Output, exactly as written, the lines below starting at the line containing "Anthology (The Warner Bros. Years)" and ending at the line containing "38 Vista Del Mar, Orinda, CA 94563 - #3". Drop the pictures and keep both end lines.

════

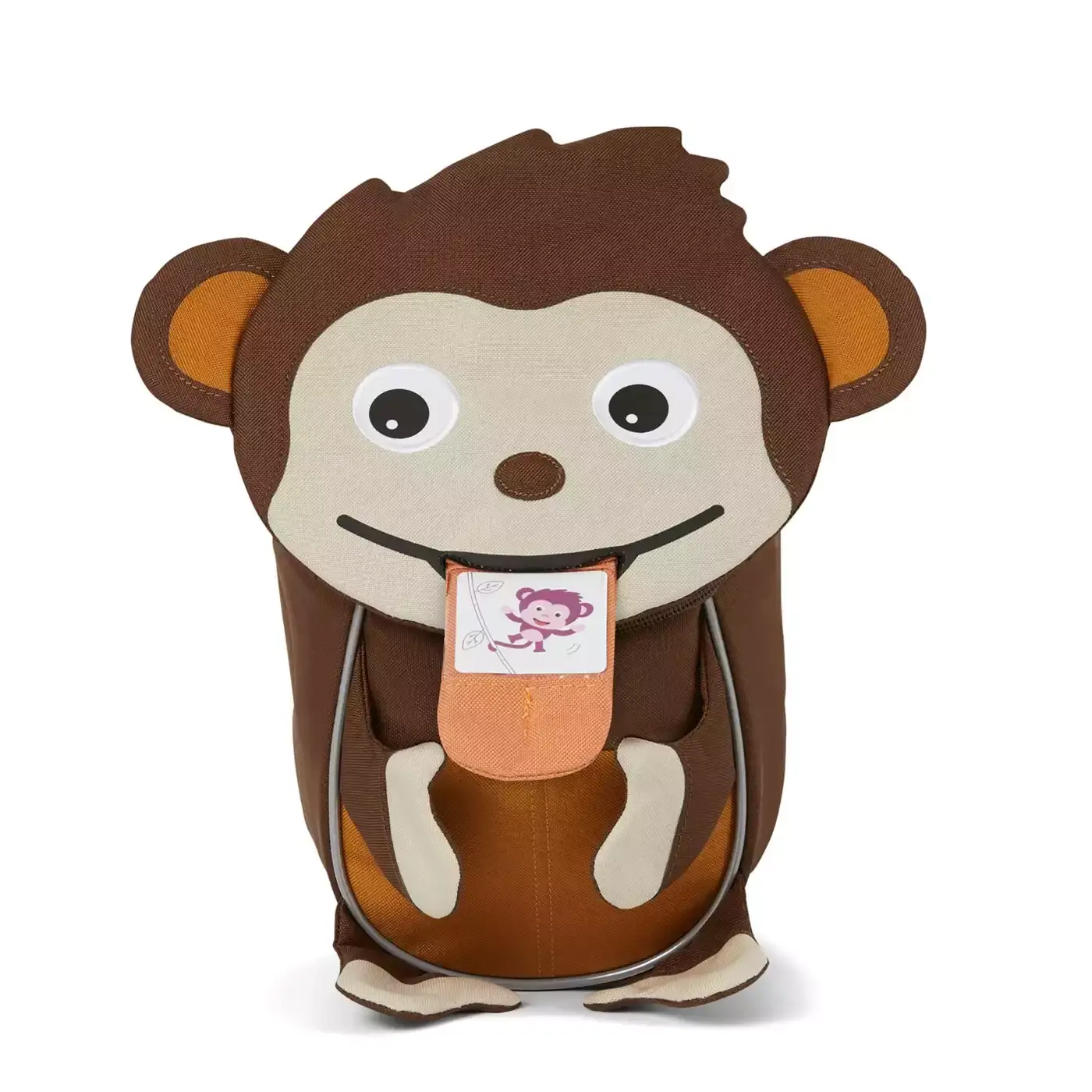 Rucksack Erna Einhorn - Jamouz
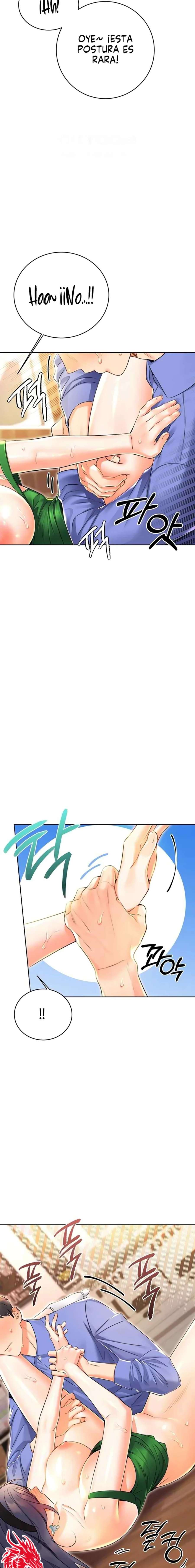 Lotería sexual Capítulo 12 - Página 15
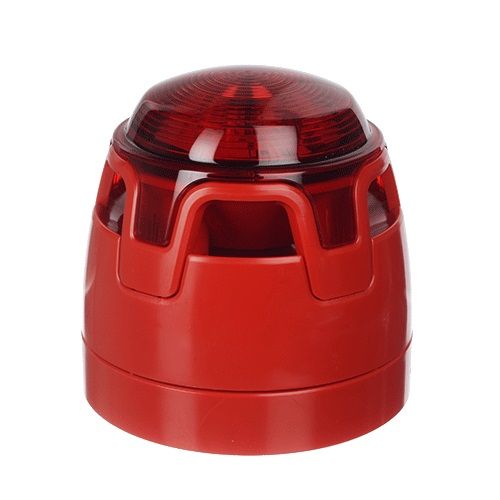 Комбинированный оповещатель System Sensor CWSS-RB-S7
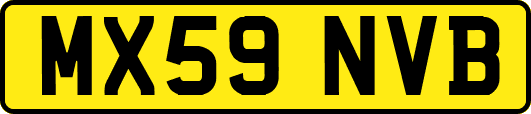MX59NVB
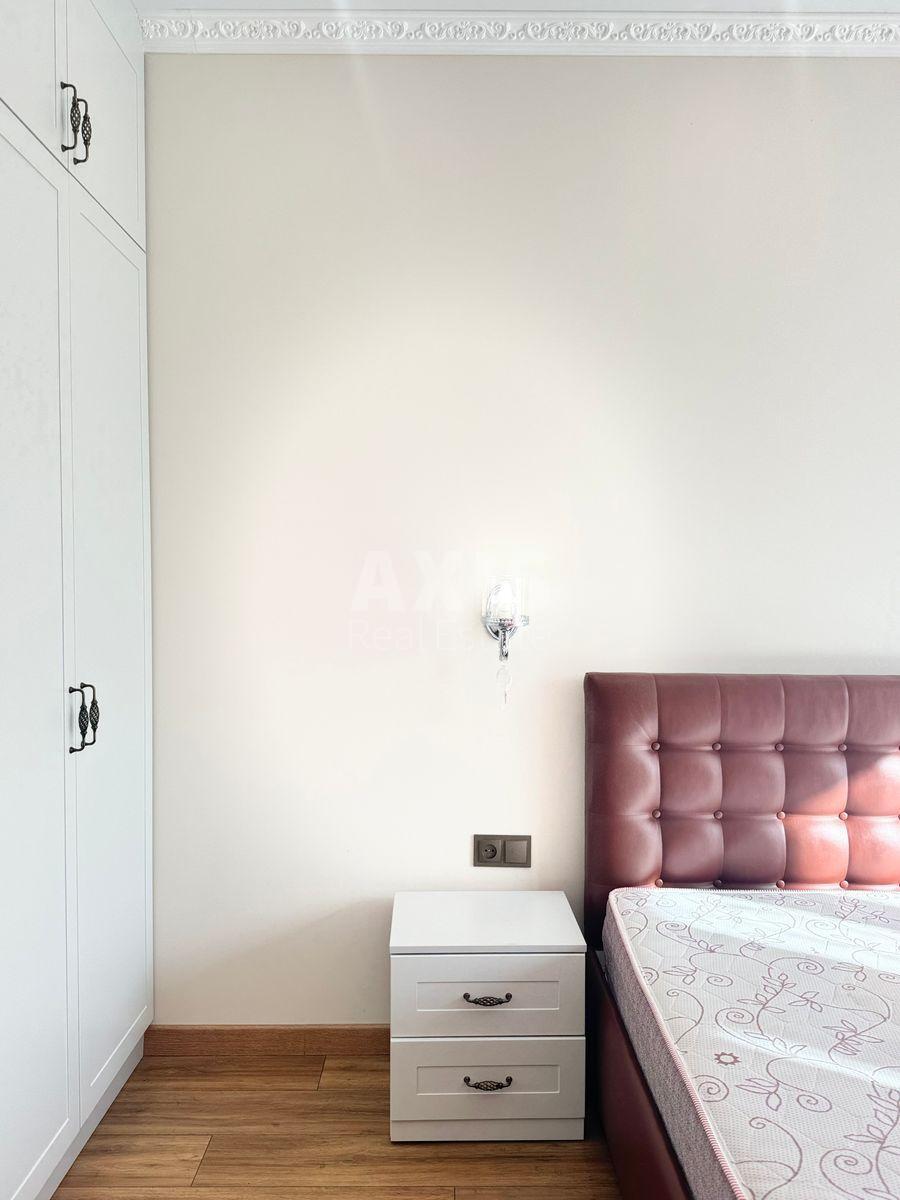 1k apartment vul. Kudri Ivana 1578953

════

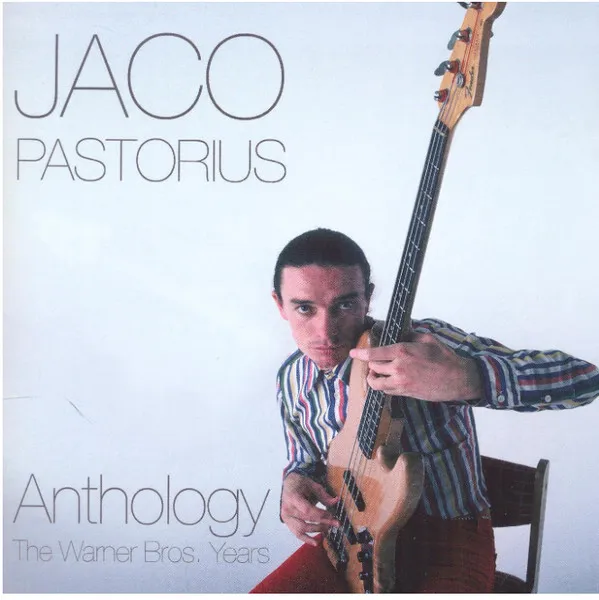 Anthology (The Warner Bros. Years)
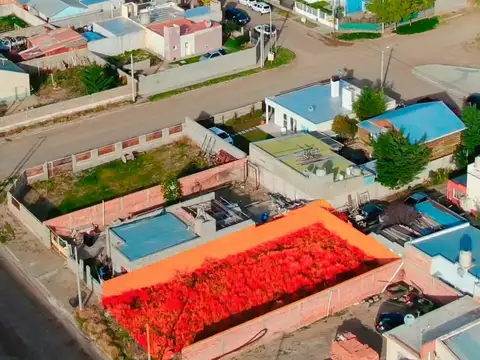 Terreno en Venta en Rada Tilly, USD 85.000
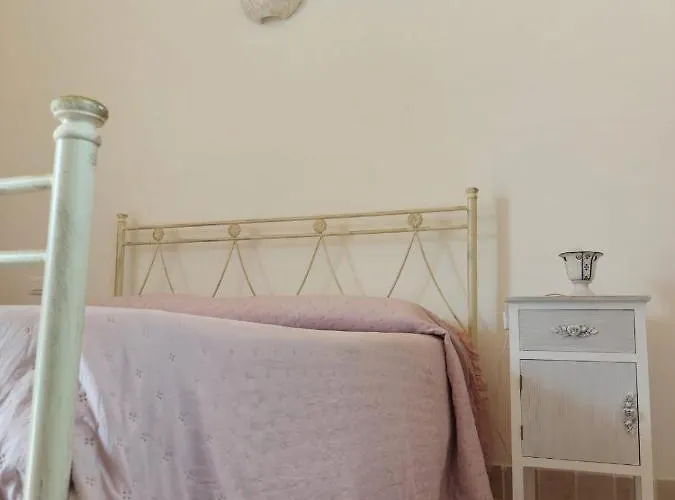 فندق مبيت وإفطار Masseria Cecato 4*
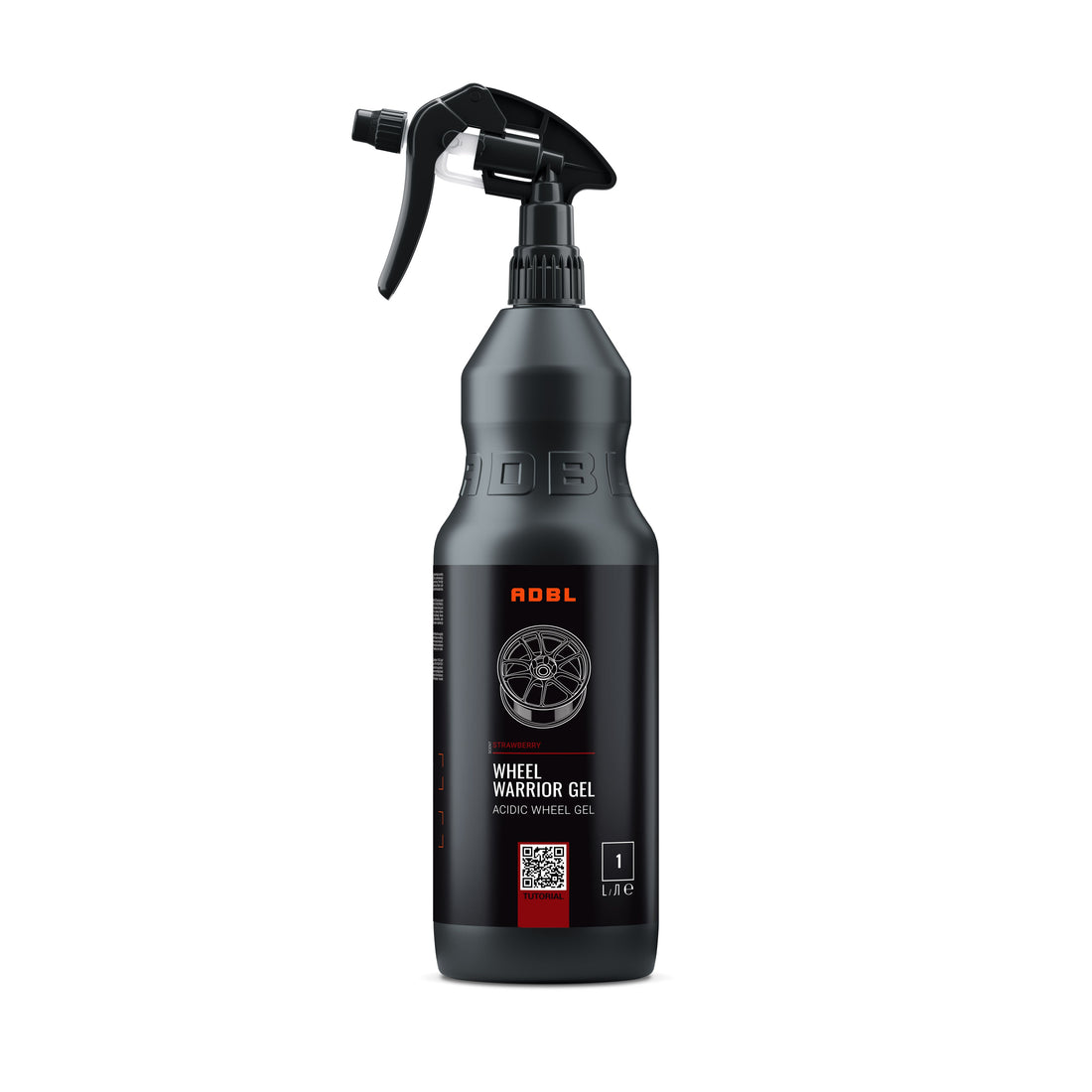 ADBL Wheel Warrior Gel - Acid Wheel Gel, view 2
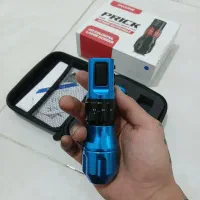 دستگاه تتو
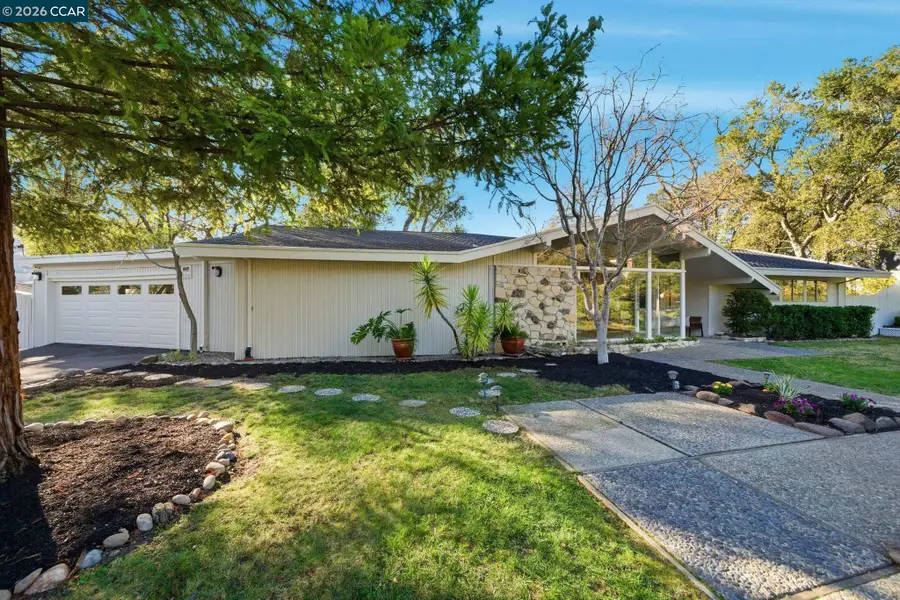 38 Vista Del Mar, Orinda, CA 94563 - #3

════

(Answer to the exercise)
 Anthology (The Warner Bros. Years)
 Terreno en Venta en Rada Tilly, USD 85.000
 فندق مبيت وإفطار Masseria Cecato 4*
 ADBL Wheel Warrior Gel - Acid Wheel Gel, view 2
 دستگاه تتو
 38 Vista Del Mar, Orinda, CA 94563 - #3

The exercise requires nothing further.